# INPUT DATA
********

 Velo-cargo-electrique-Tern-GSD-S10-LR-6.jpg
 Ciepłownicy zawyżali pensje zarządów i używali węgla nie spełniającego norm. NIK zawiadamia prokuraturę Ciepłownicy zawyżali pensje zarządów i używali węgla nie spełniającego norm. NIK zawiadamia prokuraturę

********

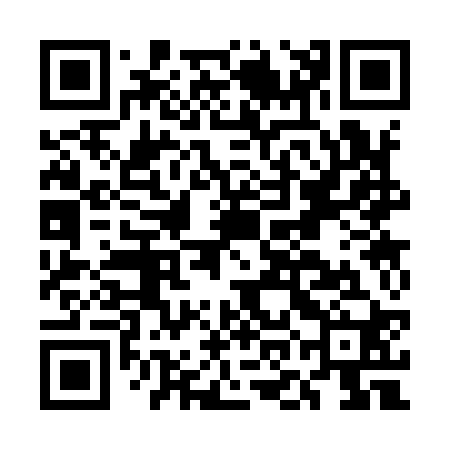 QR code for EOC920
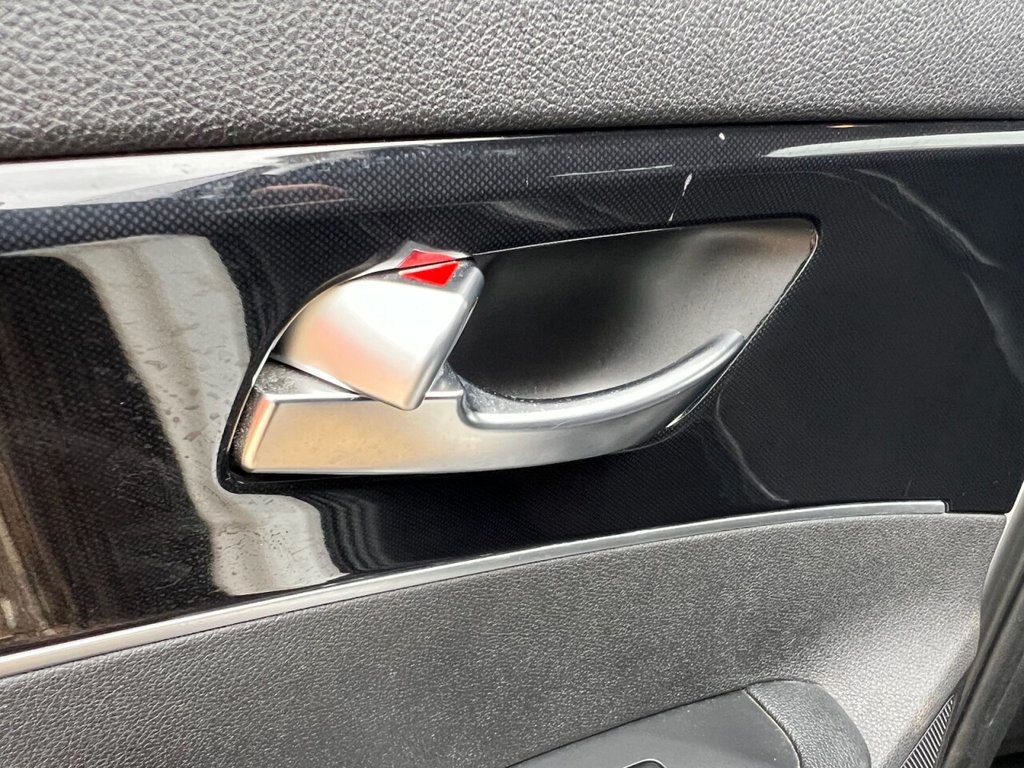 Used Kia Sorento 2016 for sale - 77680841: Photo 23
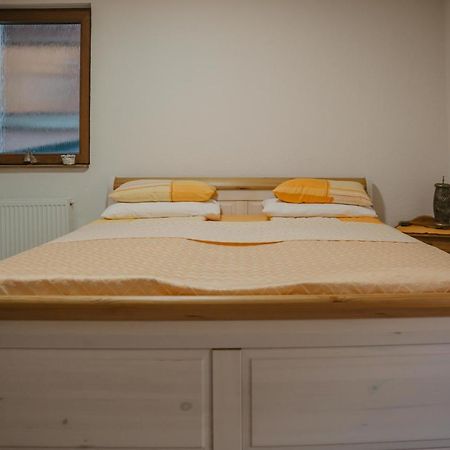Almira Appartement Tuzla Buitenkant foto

********

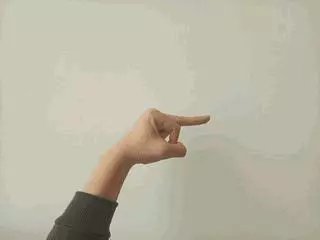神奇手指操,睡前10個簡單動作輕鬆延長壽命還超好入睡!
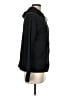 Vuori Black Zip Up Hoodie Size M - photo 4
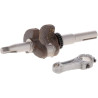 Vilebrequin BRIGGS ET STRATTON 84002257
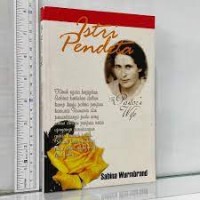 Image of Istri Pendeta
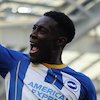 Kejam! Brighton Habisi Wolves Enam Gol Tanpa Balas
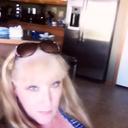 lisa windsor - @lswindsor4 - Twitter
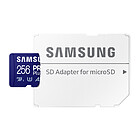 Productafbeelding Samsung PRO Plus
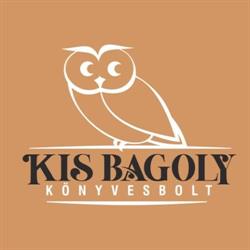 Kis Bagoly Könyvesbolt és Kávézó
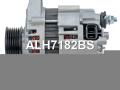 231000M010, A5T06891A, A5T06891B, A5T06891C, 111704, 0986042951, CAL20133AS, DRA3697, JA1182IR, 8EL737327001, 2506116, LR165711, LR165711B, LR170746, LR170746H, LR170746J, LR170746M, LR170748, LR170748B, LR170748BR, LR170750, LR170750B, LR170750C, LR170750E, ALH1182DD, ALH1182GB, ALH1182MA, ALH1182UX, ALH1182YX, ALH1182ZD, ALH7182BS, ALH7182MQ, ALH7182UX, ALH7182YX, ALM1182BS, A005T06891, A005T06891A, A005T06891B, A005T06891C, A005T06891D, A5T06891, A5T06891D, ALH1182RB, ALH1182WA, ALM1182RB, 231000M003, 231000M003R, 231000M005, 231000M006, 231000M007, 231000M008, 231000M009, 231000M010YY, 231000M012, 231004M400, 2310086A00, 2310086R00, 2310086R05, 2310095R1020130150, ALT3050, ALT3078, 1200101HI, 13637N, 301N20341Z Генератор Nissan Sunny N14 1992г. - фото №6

********

# INSTRUCTIONS TO FOLLOW
Reproduce exactly the stretch of the material above that starts at the line with "Velo-cargo-electrique-Tern-GSD-S10-LR-6.jpg" and ends at the line with "zawiadamia prokuraturę Ciepłownicy", both included, and nothing else.

# SOLVED PROBLEM
 Velo-cargo-electrique-Tern-GSD-S10-LR-6.jpg
 Ciepłownicy zawyżali pensje zarządów i używali węgla nie spełniającego norm. NIK zawiadamia prokuraturę Ciepłownicy zawyżali pensje zarządów i używali węgla nie spełniającego norm. NIK zawiadamia prokuraturę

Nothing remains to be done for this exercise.